J'ai lu partout qu'il aura été le maître à penser de toute une génération. Je tiens à porter, pour beaucoup, un témoignage restrictif. Toujours, nous suspectâmes une névrose aux sources de sa révolte, et sa révolte eut de quoi nous révolter. Nous lui devons d'avoir tenté malaisément d'exister dans un pays où, par lui, l'activité littéraire a été soumise aux dégradations du fanatisme. Cette gerbe de vérités tristes manquait à sa tombe. Je la dépose en mémoire de tous ceux que le parti intellectuel dont il fut l'éminence repoussa dans les ténèbres extérieures, oppressa, dévia, désola.

"Je meurs de la France", murmurait Lyautey en son crépuscule. Combien d'entre nous, depuis l'âge d'homme, meurent de la France à petit feu ? Il arrive que ce feu s'avive. Par exemple quand l'aveuglement fait cortège au char funèbre d'un aveugle. Mais aussi quand notre vie politique se réduit au remugle des "affaires" que soulève une presse.

S'il faut parler de ces "affaires", nous en parlerons avec la franchise que provoque la souffrance. Nous dirons que Jean de Broglie est mort dans la rue en glissant sur des pourritures abandonnées depuis les accords d'Évian, et que chacun, autour de son cadavre exhumé, comme il convient en pareille circonstance porte un masque. Nous dirons que "l'affaire" de Broglie, outre ses singuliers avantages souterrains, a le mérite de dissimuler "l'affaire" Marchais comme, dans un taudis, la poubelle cache le seau hygiénique.

Et nous dirons enfin qu'il y une affaire des "affaires". C'est le complot pour abaisser l'opinion et lui rendre inaccessibles les énormes enjeux de la prochaine élection qui engage, avec le destin de la société libérale, celui de la France et de l'Europe dans un monde redevenu redoutable. Quand il s'agit d'autant, la dignité commanderait de ne pas tenir forum sur un champ d'épandage. Mais on voit des confrères, qui se donnent volontiers pour exemplaires, fouiller avidement de leur férule dans ce champ.

Le mal à la France atteint à l'aigu quand le Canard enchaîné, tenu avec respect pour le moniteur officiel des coups bas, orchestre depuis son officine le débat public, et quand M. Mitterrand, emporté par sa lecture, peut écrire, sans rougir de soi, qu'en conséquence les présidentielles seront un procès d'assises, avec le peuple pour jury.

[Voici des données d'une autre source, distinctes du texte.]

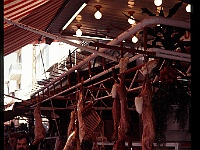 foto0087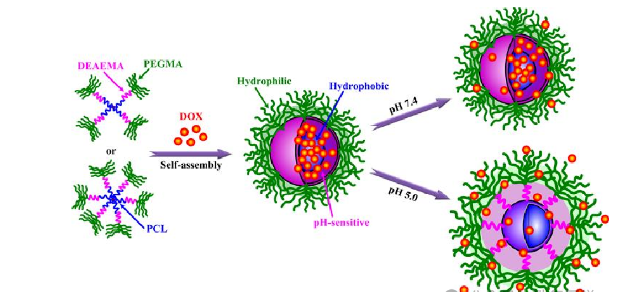 【Tanshtech】pH响应型聚合物胶束定制和介绍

Cette feuille ragoteuse et comploteuse, qui se dit satirique et est à la satire ce que Coluche est à Voltaire, devient donc aujourd'hui l'entreprise de démolition la plus florissante de France, dont les mauvaises actions sont cotées. Une telle entreprise a pour outils le ricanement et la calomnie. Elle emploie à temps partiel et rémunère au noir la quasi-totalité des traîtres qualifiés dont dispose le marché de la besogne politicienne. Sans avoir approché le moindre, tant le contact avec l'espèce me serait révulsif, je me suis souvent demandé comment étaient faits ces canardistes dont l'instinct est de dénigrer et l'occupation de glisser chaque semaine dans la vie publique la plus grande quantité possible de fiente et de fiel. Que la majeure partie du monde politique français trouve dans ces déjections son fortifiant, voilà qui juge ce monde. C'est une bassesse générale qui accorde à un tel journal le crédit et l'inviolabilité d'une institution, et il faut qu'un pays soit rendu à l'extrême avilissement du caractère et du sens critique pour voir dans l'égout collecteur son Conservatoire national des esprits indépendants.

Sartre ne fut pas mon maître, mais Montherlant, qui ne souffrait ni des hommes qui l'insultaient ni des hommes qui le diffamaient, mais des hommes qui l'indignaient.

 

 

© Louis Pauwels, article publié dans Le Figaro Magazine, 26 avril 1980

 

 

Complément : recension d'un ouvrage philosophique peu connu sur Sartre, car ne maniant pas la brosse à reluire...

 

 

Thomas Molnar, Sartre, philosophe de la contestation, 190 pages, Paris, 1969 - Hors collection, La Table Ronde avril 1972.

 

Thomas Molnar, né à Budapest en 1921, est professeur de littérature française à l'université de New York. Le titre véritable de son ouvrage, "Sartre, idéologue of our time", nous en donne la clé : M. Molnar a voulu mettre en relief le caractère purement utopique, idéologique, inadapté au réel, de la pensée de Sartre.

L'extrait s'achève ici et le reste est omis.